Another trick of the trade is to ask if you have ever been evicted on the rental application, but you must and I repeat must check the court system and found out if this is actually the truth. A renter trying to get an apartment when asked that question might just not tell the truth and hope you don’t complete the necessary due diligence. You can go to your local housing court and ask the clerk how to find out if someone has ever been evicted? They usually have a computer right there for people to just look up names. If someone is in the housing court system as currently being evicted or previously evicted then goes with saying, don’t rent to them. Unless of course you want to go to court and spend money and endless amounts of time evicting them again.
A credit report is a must; renters typically have credit scores lower than home owners or they themselves most likely would have purchased their own property. However knowing if they ever paid past utility bills, car bills etc is a key indicator of whether or not you will be important enough to pay on time, isn’t?
Prior rents is very important people for example get used to paying $500, but when they move and market rent is now $800 this could pose a problem in the near future. Therefore current income is a very large indicator of whether or not they will be able to pay their bills. I have had people who are great tenants on paper but they for example make $1,200 per month and their rent alone would be $800 without utilities. Obviously making rent every month would be an issue. A quick rule of thumb would be rent/income ratio be absolutely no higher than 50%. For example someone looking for an apartment where rent is $1,000 per month, then they need to make about $2,000 to have sufficient income.
$1,000(rent)/$2,000(income) = 50%
Keep in mind the lower the percentage the better for you and your ability to continue to receive your rent month after month.
Biggest tip I can give a fellow landlord is to have patience and don’t take the first person through the door, even if it takes you a couple weeks longer to find the right tenant. It is far better than 6 months of lost rent and damages trying to get the tenant out of your property.
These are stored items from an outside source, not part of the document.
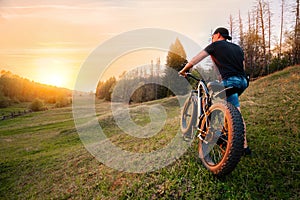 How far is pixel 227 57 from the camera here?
4.19m

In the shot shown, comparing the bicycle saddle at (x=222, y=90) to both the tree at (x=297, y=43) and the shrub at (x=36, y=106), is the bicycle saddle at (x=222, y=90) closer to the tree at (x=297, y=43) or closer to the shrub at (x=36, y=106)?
the tree at (x=297, y=43)

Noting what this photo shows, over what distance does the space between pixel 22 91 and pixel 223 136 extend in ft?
312

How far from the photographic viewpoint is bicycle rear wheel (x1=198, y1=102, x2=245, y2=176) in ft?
11.1

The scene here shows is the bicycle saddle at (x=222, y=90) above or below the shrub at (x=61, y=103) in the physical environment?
above

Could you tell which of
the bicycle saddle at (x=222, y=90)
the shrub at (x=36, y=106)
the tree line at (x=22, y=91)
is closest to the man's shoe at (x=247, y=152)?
the bicycle saddle at (x=222, y=90)

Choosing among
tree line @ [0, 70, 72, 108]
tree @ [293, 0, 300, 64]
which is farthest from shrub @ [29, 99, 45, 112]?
tree @ [293, 0, 300, 64]

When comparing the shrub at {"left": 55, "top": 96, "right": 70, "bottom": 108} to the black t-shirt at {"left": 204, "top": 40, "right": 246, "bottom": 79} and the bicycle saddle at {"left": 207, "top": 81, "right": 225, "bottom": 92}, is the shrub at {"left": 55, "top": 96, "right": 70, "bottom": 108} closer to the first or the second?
the bicycle saddle at {"left": 207, "top": 81, "right": 225, "bottom": 92}

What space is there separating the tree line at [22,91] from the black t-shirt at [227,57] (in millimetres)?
72864

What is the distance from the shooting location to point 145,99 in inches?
1401

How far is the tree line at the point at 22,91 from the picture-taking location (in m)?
72.1

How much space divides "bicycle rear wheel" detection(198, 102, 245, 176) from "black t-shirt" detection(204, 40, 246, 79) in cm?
79

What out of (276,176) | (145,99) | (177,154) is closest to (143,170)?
(177,154)

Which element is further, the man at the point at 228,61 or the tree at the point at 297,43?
the tree at the point at 297,43

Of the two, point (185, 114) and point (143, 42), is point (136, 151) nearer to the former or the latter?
point (185, 114)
As a landlord you should be able to get up front first, last and security. First and last month’s rent is a must no matter what the prospective tenant’s sob story is do not accept less. That way you have some protection against loss if they don’t pay month two. Security deposit is also a good idea however state laws are very strict on how security deposits must be handled so make sure you read your states laws regarding that and follow every word of the law. In some cases tenants can sue for three times damages if security deposit is improperly handled in any manner.
In conclusion due your checks and take your time to limited your chances of the tenant from hell!